== Working data ==
━━━━━━━━
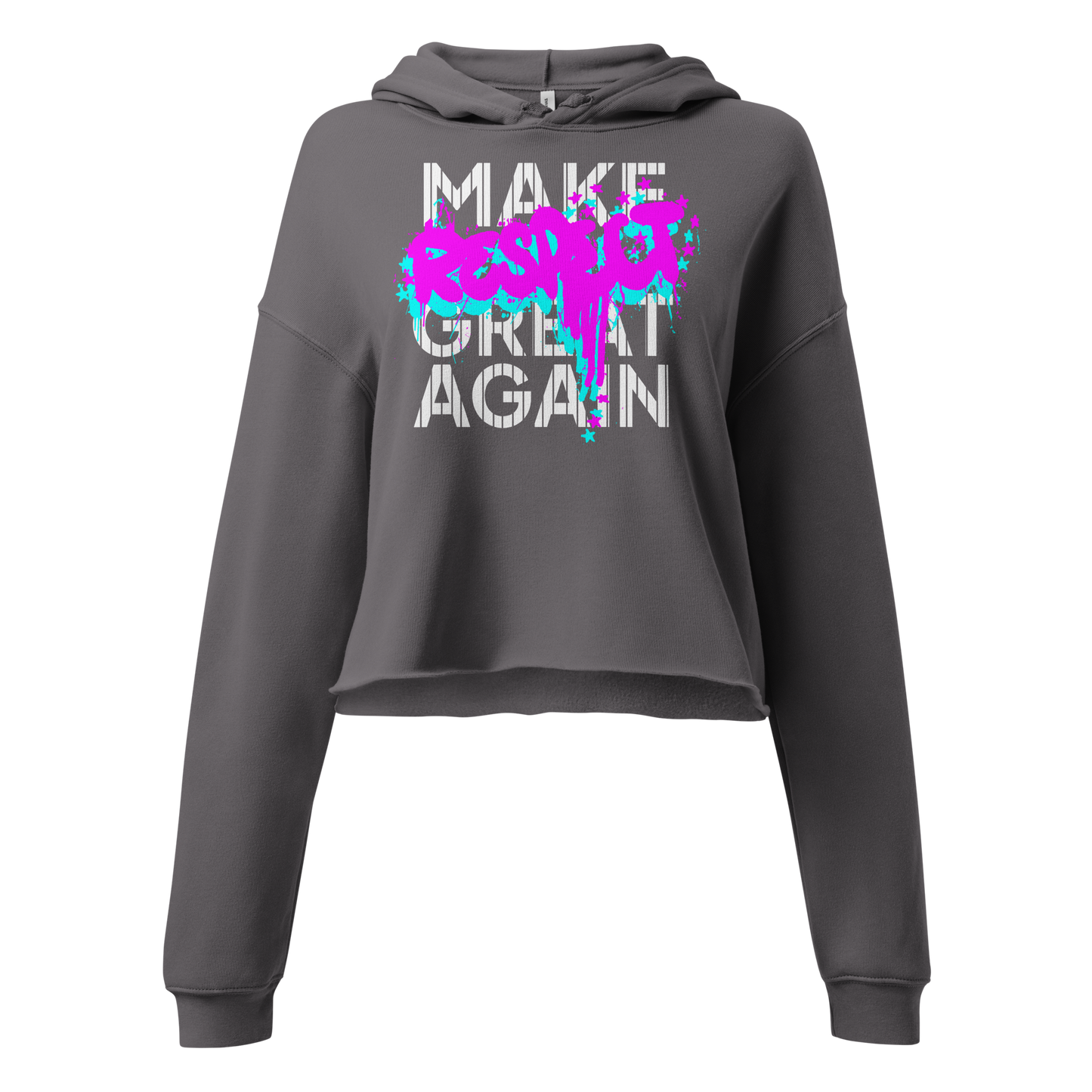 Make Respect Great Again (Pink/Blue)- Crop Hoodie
━━━━━━━━
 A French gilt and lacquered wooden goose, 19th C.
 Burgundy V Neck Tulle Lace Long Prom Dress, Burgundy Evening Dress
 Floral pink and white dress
━━━━━━━━
== To do ==
Set down, from the entries above, exactly the lines from the one with "Burgundy V Neck" up to and including the one with "Floral pink and white dress", and no other lines.

== Output below ==
 Burgundy V Neck Tulle Lace Long Prom Dress, Burgundy Evening Dress
 Floral pink and white dress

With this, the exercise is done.